Synopsis of Rule of Law. The original deed in this case was a conveyance of fee with limitations over and did not create contingent remainders subject to destruction by the act of the grantor in subsequently conveying the reversion to the grantee.
A remainder is a remnant of an estate in land, depending upon a particular prior estate created at the same time and by the same instrument, and limited to arise immediately on the determination of that estate and not in abridgment of it.
View Full Point of LawIssue. Did the original deed create in the children of the life tenant a contingent interest in the property which was, by the grantor’s subsequent deed to the life tenant which conveyed the reversion interest, merged into the estate of the life tenant in fee and destroyed?
Held. No. Reversed and remanded.
A remainder cannot be created without a precedent estate, said to support the remainder. Where a supporting estate comes to an end before the happening of the event triggering the remainder, then the remainder is defeated. Where the reversion and the life estate comes together in one person the life estate merges into the reversion and comes to an end and the intervening contingent remainders are destroyed. This is the destructibility of contingent remainders.
The Court held that a statutory deed is deemed to be a conveyance in fee simple, despite not having the traditional language of transfer to the grantee’s heirs without limit. However, the deed may contain language which, by law or construction, places limits on the fee simple. In this case, the grantor conveyed the whole estate except for a contingent reversion depending on the grantee dying without leaving children surviving him.

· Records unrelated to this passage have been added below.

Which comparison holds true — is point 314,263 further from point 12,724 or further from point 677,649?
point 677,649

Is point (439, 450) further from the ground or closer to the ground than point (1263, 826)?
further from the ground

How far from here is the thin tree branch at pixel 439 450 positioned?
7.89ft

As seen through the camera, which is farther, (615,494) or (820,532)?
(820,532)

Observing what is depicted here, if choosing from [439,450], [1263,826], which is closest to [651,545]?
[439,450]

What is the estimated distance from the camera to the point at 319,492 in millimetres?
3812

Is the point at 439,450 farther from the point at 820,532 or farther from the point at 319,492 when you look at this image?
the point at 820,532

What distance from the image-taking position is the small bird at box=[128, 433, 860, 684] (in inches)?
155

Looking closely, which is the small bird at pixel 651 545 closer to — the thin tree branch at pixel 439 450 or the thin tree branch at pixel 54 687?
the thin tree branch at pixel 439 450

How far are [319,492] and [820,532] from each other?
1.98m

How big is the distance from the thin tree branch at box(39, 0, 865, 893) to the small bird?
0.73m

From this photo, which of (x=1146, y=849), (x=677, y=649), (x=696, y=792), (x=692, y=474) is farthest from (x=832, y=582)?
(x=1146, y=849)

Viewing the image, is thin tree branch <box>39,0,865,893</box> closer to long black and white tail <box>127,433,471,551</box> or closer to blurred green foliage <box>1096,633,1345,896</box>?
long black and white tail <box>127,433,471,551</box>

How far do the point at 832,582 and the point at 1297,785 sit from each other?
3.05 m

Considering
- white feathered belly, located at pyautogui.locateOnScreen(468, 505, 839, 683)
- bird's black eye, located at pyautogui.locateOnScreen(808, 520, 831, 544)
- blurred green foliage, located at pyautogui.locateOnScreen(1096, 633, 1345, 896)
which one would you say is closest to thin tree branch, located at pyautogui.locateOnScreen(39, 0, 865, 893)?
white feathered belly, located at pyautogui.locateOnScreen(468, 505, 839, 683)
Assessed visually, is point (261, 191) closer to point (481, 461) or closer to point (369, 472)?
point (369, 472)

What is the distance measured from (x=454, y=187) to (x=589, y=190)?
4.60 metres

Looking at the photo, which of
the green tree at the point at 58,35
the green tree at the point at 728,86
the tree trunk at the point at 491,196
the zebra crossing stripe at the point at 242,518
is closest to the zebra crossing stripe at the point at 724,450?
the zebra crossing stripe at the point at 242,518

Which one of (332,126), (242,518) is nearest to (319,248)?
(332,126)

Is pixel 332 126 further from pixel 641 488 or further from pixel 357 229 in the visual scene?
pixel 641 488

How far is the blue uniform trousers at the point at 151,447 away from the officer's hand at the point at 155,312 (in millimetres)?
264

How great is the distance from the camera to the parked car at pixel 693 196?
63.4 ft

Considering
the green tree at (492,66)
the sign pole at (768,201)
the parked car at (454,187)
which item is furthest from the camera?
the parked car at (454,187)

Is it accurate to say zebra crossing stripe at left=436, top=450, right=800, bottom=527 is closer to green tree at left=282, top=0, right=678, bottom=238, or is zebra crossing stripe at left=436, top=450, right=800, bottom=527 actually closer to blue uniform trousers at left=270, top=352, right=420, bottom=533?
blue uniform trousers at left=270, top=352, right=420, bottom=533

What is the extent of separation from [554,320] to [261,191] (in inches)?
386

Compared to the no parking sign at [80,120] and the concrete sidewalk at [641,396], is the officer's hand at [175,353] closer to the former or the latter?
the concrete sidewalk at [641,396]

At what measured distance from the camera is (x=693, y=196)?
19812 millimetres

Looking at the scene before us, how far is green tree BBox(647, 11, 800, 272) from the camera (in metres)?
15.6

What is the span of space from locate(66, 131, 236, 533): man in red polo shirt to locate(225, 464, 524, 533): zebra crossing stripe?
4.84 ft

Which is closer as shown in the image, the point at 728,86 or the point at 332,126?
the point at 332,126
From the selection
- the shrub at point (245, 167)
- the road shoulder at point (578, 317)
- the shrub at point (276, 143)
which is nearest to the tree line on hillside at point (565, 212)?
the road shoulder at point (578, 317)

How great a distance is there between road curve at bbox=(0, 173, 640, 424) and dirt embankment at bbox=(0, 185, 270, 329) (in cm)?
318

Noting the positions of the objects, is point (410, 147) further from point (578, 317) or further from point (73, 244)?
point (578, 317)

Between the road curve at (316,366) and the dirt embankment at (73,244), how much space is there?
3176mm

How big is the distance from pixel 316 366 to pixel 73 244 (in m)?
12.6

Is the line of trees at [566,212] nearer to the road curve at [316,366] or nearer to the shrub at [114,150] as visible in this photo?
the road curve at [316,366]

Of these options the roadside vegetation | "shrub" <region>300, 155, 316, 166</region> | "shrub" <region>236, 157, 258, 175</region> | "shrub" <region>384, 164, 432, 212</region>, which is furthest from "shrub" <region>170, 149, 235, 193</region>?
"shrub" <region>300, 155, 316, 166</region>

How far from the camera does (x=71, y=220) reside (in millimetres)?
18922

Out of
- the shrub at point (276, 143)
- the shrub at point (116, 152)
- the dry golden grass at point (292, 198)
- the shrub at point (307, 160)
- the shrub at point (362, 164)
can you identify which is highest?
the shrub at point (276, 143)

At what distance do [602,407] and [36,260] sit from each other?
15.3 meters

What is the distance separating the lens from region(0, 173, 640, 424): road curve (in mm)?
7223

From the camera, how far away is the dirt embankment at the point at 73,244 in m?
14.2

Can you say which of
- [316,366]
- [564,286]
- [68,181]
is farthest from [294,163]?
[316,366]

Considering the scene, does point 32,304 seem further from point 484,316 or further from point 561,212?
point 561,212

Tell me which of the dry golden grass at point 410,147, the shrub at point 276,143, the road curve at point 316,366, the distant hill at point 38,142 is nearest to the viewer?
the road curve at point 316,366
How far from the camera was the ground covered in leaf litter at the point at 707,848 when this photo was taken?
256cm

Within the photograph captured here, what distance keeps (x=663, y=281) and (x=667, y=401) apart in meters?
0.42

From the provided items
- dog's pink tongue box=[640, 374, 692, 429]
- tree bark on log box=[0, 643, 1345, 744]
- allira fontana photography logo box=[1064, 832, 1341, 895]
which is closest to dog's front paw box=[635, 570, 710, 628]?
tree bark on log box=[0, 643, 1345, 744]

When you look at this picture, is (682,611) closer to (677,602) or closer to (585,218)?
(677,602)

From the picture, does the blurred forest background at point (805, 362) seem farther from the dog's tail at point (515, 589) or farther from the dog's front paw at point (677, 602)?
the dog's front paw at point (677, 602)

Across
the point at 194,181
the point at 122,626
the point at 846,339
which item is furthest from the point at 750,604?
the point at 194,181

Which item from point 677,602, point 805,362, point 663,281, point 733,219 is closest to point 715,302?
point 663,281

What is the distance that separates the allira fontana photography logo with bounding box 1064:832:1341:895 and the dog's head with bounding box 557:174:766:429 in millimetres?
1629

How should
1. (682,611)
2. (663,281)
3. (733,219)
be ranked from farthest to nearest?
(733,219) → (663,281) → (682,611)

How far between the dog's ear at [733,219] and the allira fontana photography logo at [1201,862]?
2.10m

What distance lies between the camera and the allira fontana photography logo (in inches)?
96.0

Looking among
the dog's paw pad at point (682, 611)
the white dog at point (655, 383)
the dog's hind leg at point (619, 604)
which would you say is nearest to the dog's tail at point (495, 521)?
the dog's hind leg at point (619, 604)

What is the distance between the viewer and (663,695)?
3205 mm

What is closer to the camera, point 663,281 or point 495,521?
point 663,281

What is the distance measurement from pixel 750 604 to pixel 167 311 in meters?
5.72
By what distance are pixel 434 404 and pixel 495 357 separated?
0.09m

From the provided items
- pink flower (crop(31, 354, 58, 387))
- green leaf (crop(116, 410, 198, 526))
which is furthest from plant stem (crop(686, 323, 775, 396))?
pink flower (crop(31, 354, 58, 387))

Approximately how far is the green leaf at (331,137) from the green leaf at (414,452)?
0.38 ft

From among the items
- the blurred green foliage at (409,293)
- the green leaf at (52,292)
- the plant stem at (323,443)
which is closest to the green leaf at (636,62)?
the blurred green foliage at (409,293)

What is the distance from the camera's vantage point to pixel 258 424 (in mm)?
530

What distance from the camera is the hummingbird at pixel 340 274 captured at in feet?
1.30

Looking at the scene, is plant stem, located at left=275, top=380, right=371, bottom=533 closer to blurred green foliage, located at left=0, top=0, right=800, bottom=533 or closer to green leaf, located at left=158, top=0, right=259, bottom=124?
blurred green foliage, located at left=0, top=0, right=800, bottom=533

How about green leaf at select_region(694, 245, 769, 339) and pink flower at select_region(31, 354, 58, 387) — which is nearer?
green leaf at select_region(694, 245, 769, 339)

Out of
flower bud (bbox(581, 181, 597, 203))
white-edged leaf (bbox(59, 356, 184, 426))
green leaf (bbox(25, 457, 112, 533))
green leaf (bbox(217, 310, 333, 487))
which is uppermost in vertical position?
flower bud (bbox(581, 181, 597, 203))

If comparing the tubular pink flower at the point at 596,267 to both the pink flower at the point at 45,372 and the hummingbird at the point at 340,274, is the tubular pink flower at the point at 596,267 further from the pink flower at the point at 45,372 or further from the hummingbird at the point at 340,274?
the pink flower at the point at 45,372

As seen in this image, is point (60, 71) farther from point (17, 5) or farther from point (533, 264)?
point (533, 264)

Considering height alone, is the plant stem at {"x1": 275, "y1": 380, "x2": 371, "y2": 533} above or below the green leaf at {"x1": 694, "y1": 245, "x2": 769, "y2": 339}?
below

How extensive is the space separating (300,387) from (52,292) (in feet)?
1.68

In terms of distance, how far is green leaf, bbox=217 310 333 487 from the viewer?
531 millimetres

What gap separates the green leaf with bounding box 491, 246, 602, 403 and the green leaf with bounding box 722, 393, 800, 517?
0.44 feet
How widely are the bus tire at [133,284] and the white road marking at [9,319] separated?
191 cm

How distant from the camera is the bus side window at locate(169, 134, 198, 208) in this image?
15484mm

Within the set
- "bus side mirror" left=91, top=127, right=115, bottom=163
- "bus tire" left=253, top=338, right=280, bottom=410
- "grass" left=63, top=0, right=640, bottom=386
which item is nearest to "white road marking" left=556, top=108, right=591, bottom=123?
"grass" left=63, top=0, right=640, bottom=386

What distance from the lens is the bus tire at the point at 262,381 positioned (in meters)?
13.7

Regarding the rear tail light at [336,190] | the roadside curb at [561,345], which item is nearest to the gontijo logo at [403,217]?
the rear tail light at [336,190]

The future interest of the wife and children would become effective, if at all, at the expiration of the grantee’s estate under the deed. The Court held that such a limitation would not have been valid under the common law, but under the statute of uses, the limitations over are effective.
The deed operated to convey the fee to the grantee, subject to the limitations over, and as such did not create contingent remainders which would be subject to the destructibility doctrine of contingent remainders. Thus, Frank Doyle took the fee (as opposed to a file estate), subject to the limitations, and his children and wife took no interest in contingent remainder insofar as the limitations would have to occur before their interest would vest, if at all. Thus, the children do have an interest such that Stoller may not quiet title in himself in fee.
Discussion. Consider that in this case the Court was construing a deed in a jurisdiction which still enforced the destructibility of contingent remainders. The Court’s reliance on the statute of uses and characterization of the future interests of the children as limitations in a deed rather than a contingent interest is a way to create an outcome the Court finds just, even if the decision is somewhat confusing.